In 1957 Friend (24) isolated a leukemia virus from the spleen of a Swiss mouse that had been inoculated, shortly after birth, with a cell-free preparation of Ehrlich carcinoma. The Friend virus is apparently strain specific. Adult mice of the Swiss and DBA/2 strains are highly susceptible, whereas mice of the PRI, C57BL/6, A, C3H, and (C58 X BALB/c) F1 strains are nonreactive.

The "leukemia-like" disease produced by the virus has been described by Friend (26) and further interpreted by Furth and Metcalf (26) as a reticulum-cell disease. It is associated with nonmalignant erythroblastosis, without involvement of the lymphoid or myeloid systems. The disease is characterized macroscopically by marked hepatosplenomegaly. The latent period in susceptible adult mice is relatively short, the spleen becoming infiltrated and palpable within 2 weeks after the intravenous inoculation of virus.

The leukemic nature of this virus disease has been questioned on the basis of the inability of the neoplastic cells to produce solid tumors. However, recently Friend and Haddad (27) and Buffett (28) have reported the production of localized tumors from virus-induced leukemic spleen and liver implants. Buffett and Furth (29), using similar tissues, described the development of a transplantable reticulum-cell sarcoma in Swiss mice.

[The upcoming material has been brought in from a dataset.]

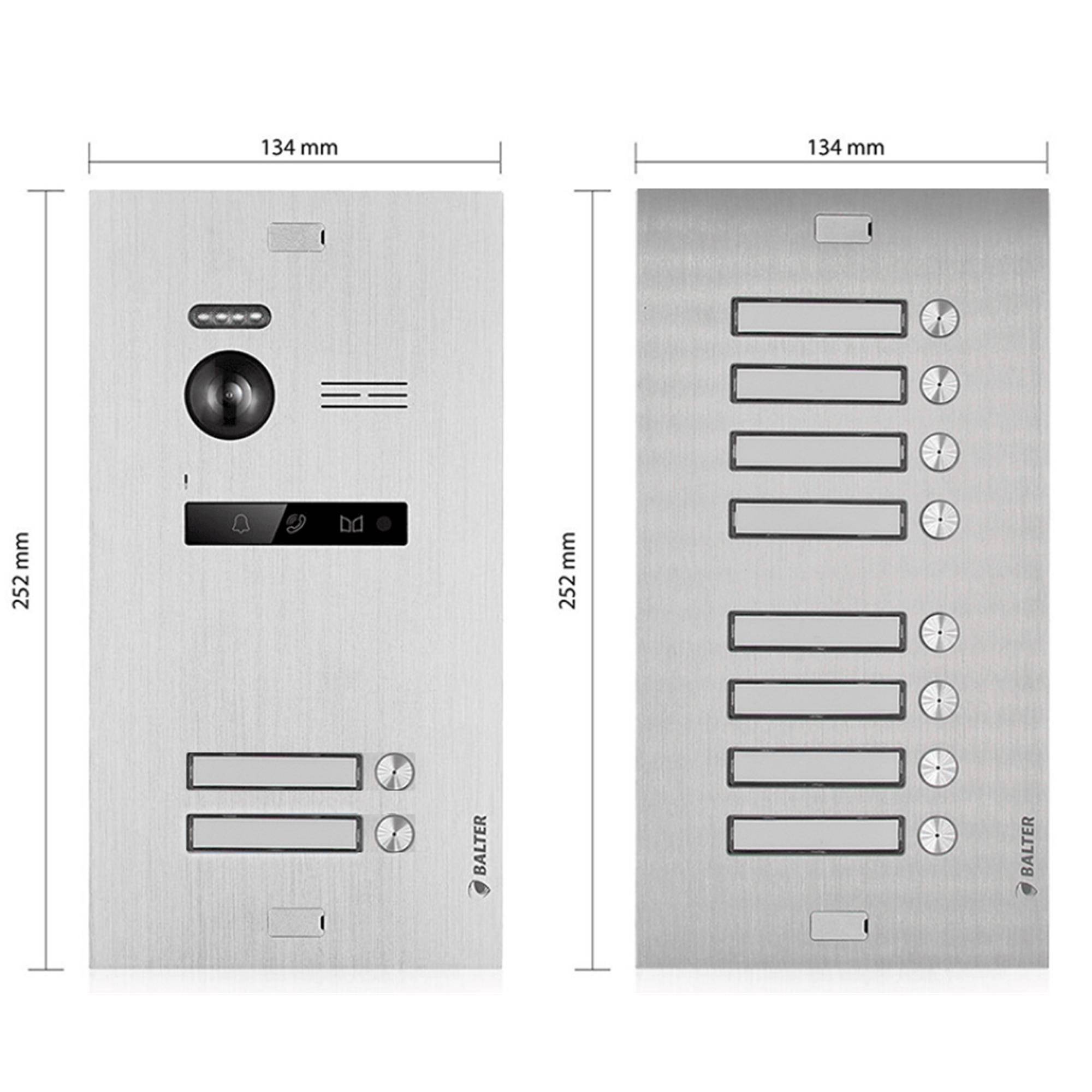 BALTER EVO-MINI Video Türsprechanlage 2-Draht Komplett-Set 10-Familie Silber - Weiß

Physical data on the mouse leukemia virus of Friend show that it is stable for extended periods when stored at -70° C. and when dried in the frozen state. It is inactivated in 30 minutes at 56° C. and when treated with formalin (1:200) or ether.

Electron microscope studies by de Harven and Friend (30) on pel-letized leukemic tissue filtrates and on leukemic spleen, liver, and bone marrow sections have revealed the structure of the virus particles. The observed particles were of types A or C, according to the classification of Bernhard and Guerin (31), and were found to have an average diameter of 78 mµ Similar results were obtained by Dalton et al. (82) in their electron microscope studies of a solid tumor. This latter neoplasm originated from a transplant of virus-induced leukemic spleen cells that had been maintained in tissue culture for varying periods.

The antigenic nature of the virus has been described by Friend (S3). Homologous and heterologous antiserums produced in mice and rabbits, respectively, were found specifically to neutralize infectivity of the leukemia agent. Additional studies showed that serums from mice with leukemias induced by either the Gross or the Schwartz agent failed to neutralize the Friend virus, which indicated no direct immunological relationship between these serums and the leukemia agent of Friend.